В Нарголове на даче
В Нарголове на даче
Бешеный сорок восьмой не умерял своей скачки, будоражил не одних только людей с их устоями, с их сословиями, с их правительствами, государствами, границами, потрясал и самое природу. Тропический жар палил невские берега, вползал на них с юга, от берегов днепровских, донских и волжских. Великою сушью звенел високосный год, порошил пылью, шелестел толками о засухе, о недороде. В мае, в июне, в июле повсюду подданные Российской империи тщетно вымаливали дождичка у господа бога. Хлеб горел на корню, выгорали деревни, трещали в пламени деревянные города, и стон погорельцев орловских, херсонских, казанских разносился дымом по России. А следом за пеклом и пламенем хуже татарина являлась бледная немочь холера, гнала на погосты. В церквах служили молебны, крестным ходом ходили по притихшим улицам обезлюдевшего Санкт-Петербурга. И помещик с дворней, и крестьянин оброчный, и чиновник, и мастеровой — кто мог, бежал в деревню, в именье, на дачу.

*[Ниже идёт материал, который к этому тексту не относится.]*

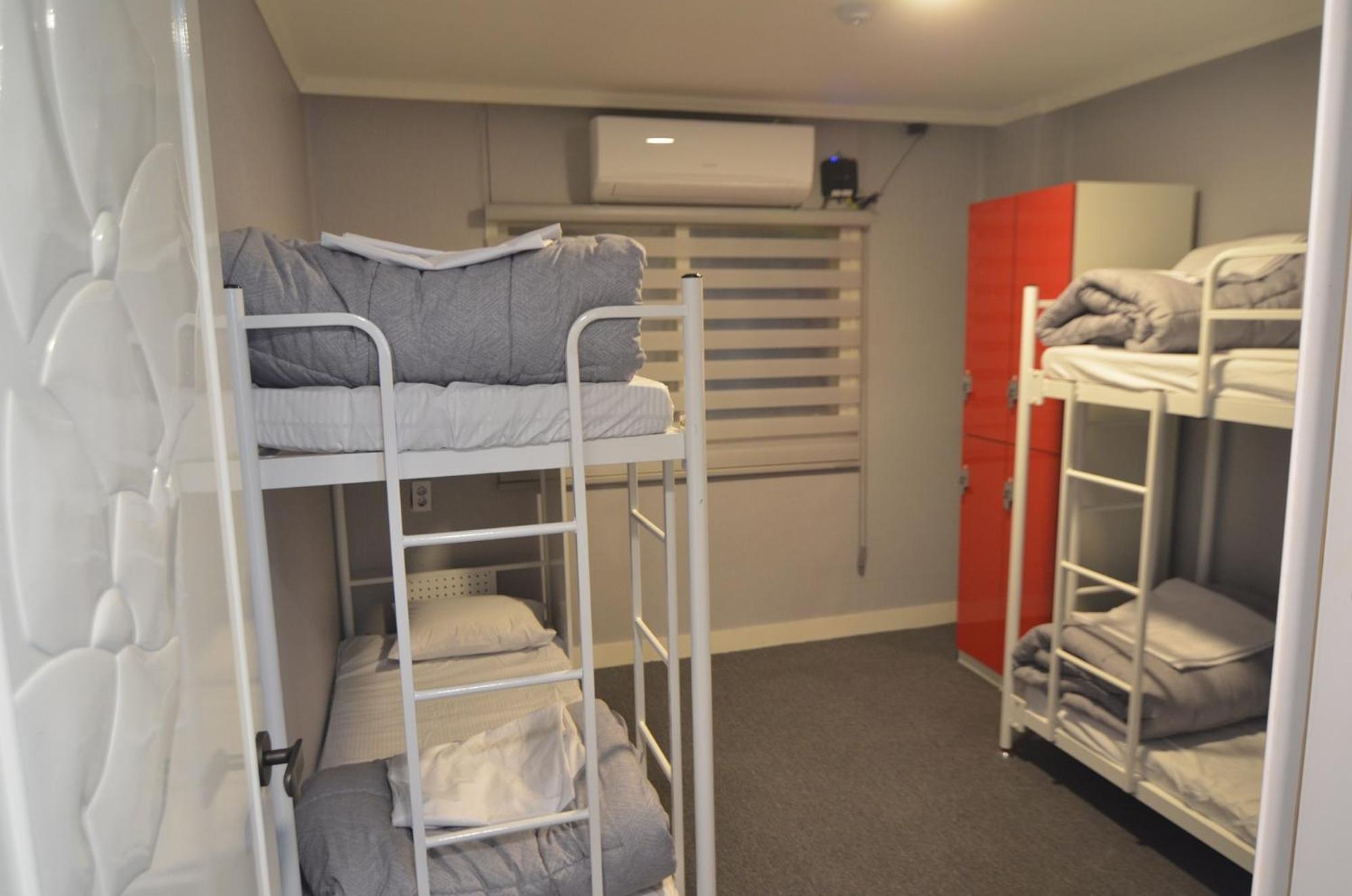Quadruple Room with Private Bathroom - Photo 4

Титулярный советник Петрашевский перебрался верст за пятнадцать, в Парголово. Место не бойкое и не дорогое, не чета дачным местностям по петергофской дороге или на Крестовском острове или даже в Новой Деревне с ее минеральными водами и концертами. Как всегда, давала себя знать стесненность в деньгах. Это среди знакомых Михаил Васильевич с его хлебосольством слыл человеком отнюдь не бедным; и самая многолюдная пятница не обходилась без угощения; а на самом-то деле, подобно меньшим сестрицам, в полнейшей был зависимости от матери — действительной статской советницы Федоры Дмитриевны, после смерти отца распоряжавшейся всем имуществом. Должно быть, в отместку за то, что однажды попытался было вырваться из-под докучливой ее опеки, помногу родительница не давала. Приходилось и через день просить, и через три. Всякий раз непременно упреки в расточительстве и наставления; и расписочку напиши. Сколько их накопилось, таких расписочек, за эти годы?.. — рублей на пятнадцать, на двадцать, а то, бывало, и на трешничек серебром. Вот и перед отъездом в Парголово заставила унижаться… Да вообще не любил он уезжать из города, прозябание деревенское или дачное всегда было пыткой для его деятельной натуры. Ни купанье в холодных озерах, ни прогулки по мрачноватому замшелому парку, где можно было позабыть про жару, не могли искупить малолюдья и запаздывания газет. В этой «русской Швейцарии» о новейших известиях узнавали на другой день, тогда как события за два часа, не то что за два дня, могли поворотить судьбы Европы! Да и с кем было эти известия обсуждать?!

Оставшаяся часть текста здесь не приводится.